Thinking about partner keeps blood pressure in check
Thinking about your romantic partner, when faced with a stressful situation, may help keep your blood pressure under control just as effectively as actually having the significant other present with you, a study claims
Washington: Thinking about your romantic partner, when faced with a stressful situation, may help keep your blood pressure under control just as effectively as actually having the significant other present with you, a study claims.
In the study, published in the Psychophysiology, 102 participants were asked to complete a stressful task – submerging one foot into three inches of cold water ranging from 3.3 to 4.4 degrees Celsius.
Researchers from the University of Arizona (UA) in the US measured participants’ blood pressure, heart rate and heart rate variability before, during and after the task.
The participants, all of whom were in committed romantic relationships, were randomly assigned to one of three conditions when completing the task.
They either had their significant other sitting quietly in the room with them during the task, they were instructed to think about their romantic partner as a source of support during the task, or they were instructed to think about their day during the task.
Those who had their partner physically present in the room or who thought about their partner had a lower blood pressure response to the stress of the cold water than the participants in the control group, who were instructed to think about their day.
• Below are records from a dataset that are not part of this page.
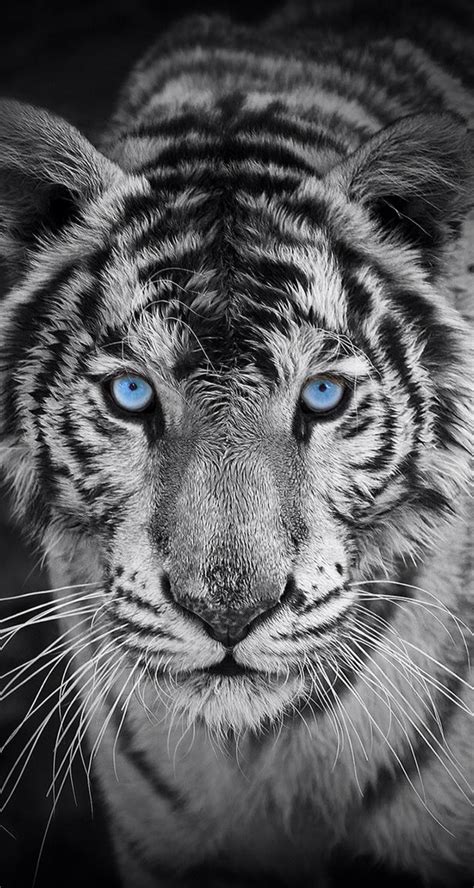 Tigre blanco, de aravind adiga. Tigre Blanco Fondo De Pantalla Hd - fotos de fondo de pantalla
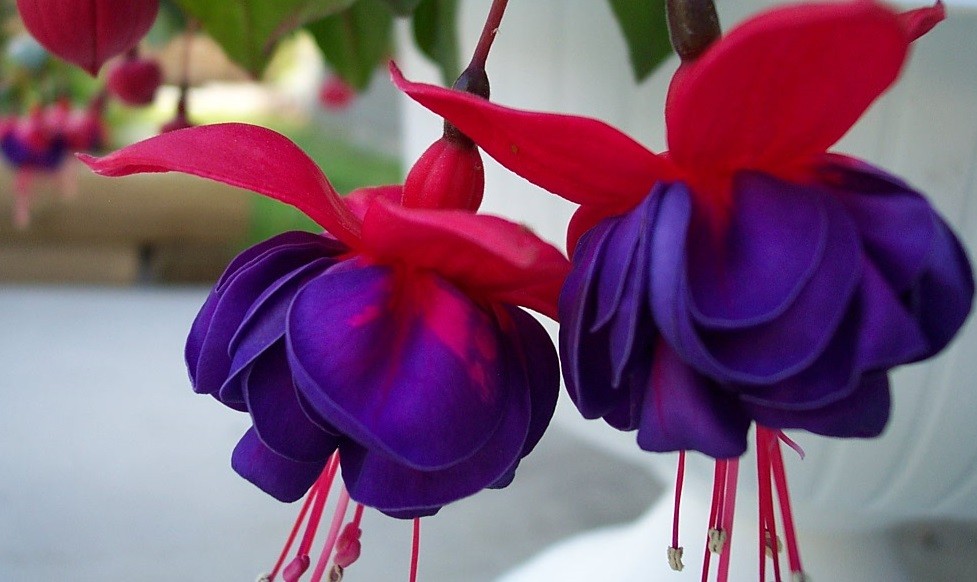 Fuchsia, flor que me cautiva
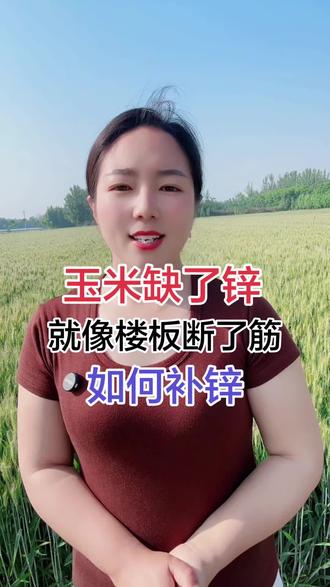 玉米缺了锌,减产严重#三农种地技巧 #如何补锌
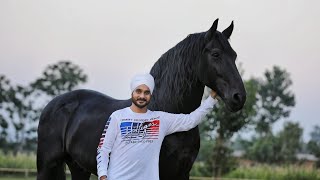 Beautiful Friesian Horse Thomas Punjab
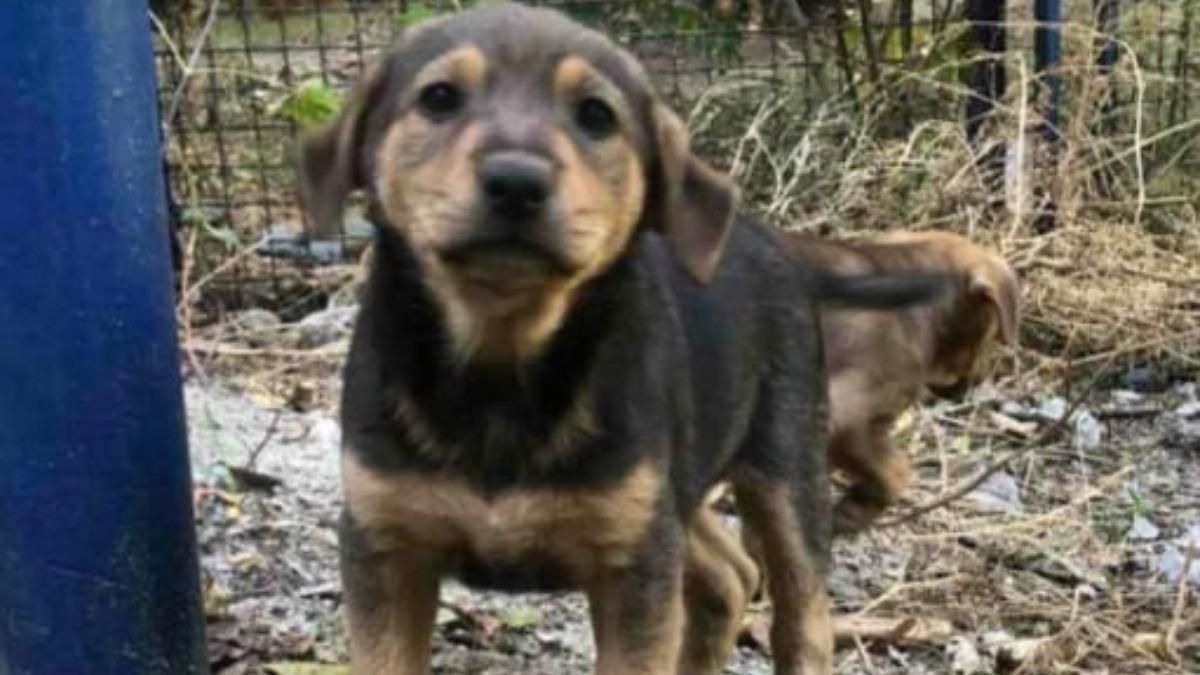 У Дніпрі діти до смерті забили двомісячне цуценя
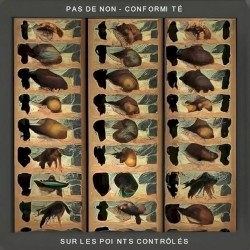 Pas de non-conformité sur les points contrôlés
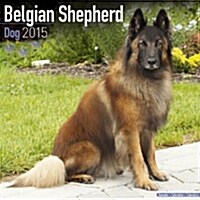Belgian Shepherd 2015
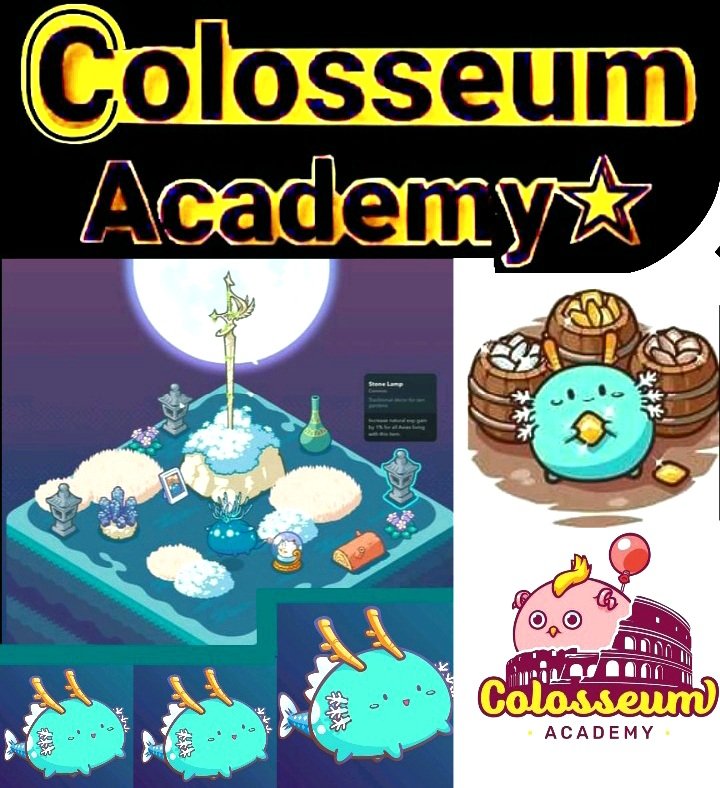 Joenefer | Colosseum Academy tweet media
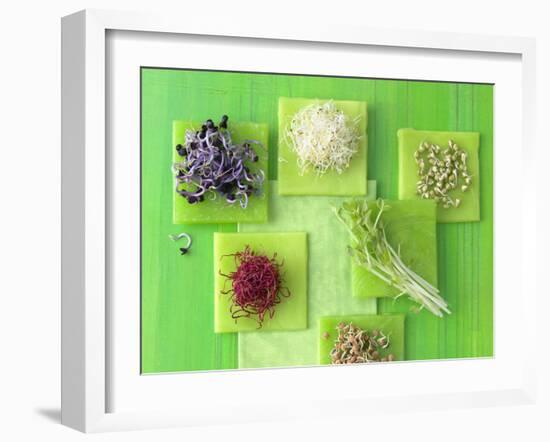 Various Types of Sprouts and Sprouted Seeds-Jan-peter Westermann-Framed Photographic Print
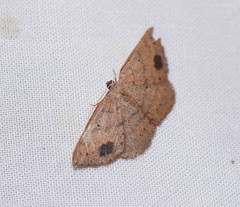 Casbia melanops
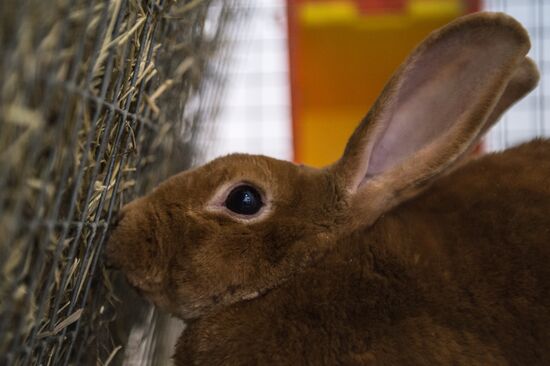 Preparing animals for AgroFarm Exhibition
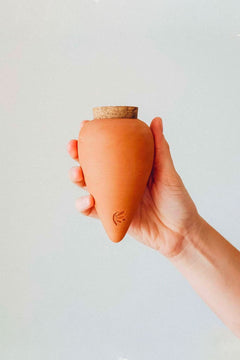 Olla Terracotta | PEPIN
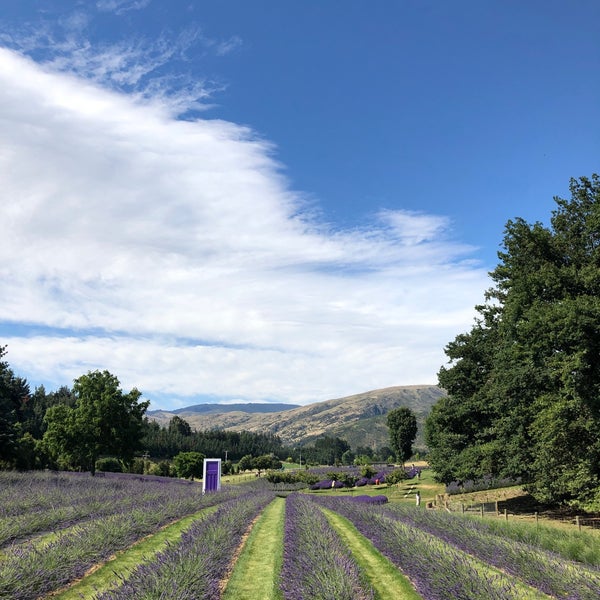Photo taken at Wanaka Lavender Farm by Dectinc C. on 1/4/2019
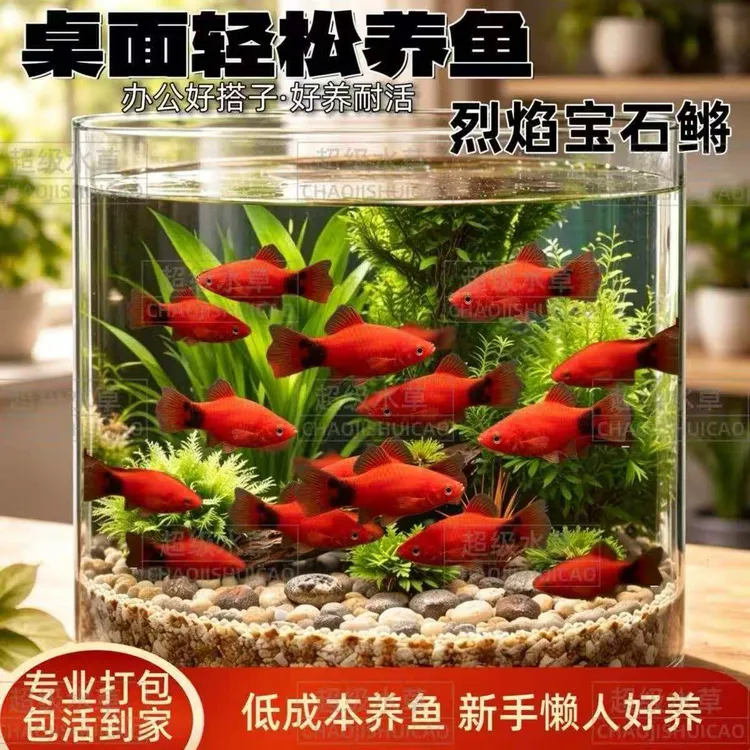 胎生米奇鱼饲料颜色鲜艳红色艳丽小型颗粒观赏鱼饲料桌面塑料缸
Heart rate and heart rate variability did not vary between the three groups, researchers said.
The effect on blood pressure reactivity was just as powerful whether the partner was physically present or merely conjured mentally, they said.
Previous studies have suggested that having a partner present or visualising a partner can help manage the body's physiological response to stress.
The new study, led by UA psychology doctoral student Kyle Bourassa, suggests that the two things are equally effective.
The findings may help explain, in part, why high-quality romantic relationships are consistently associated with positive health outcomes in the scientific literature, Bourassa said. “This suggests that one way being in a romantic relationship might support people's health is through allowing people to better cope with stress and lower levels of cardiovascular reactivity to stress across the day,” he said. “And it appears that thinking of your partner as a source of support can be just as powerful as having them present,” said Bourassa.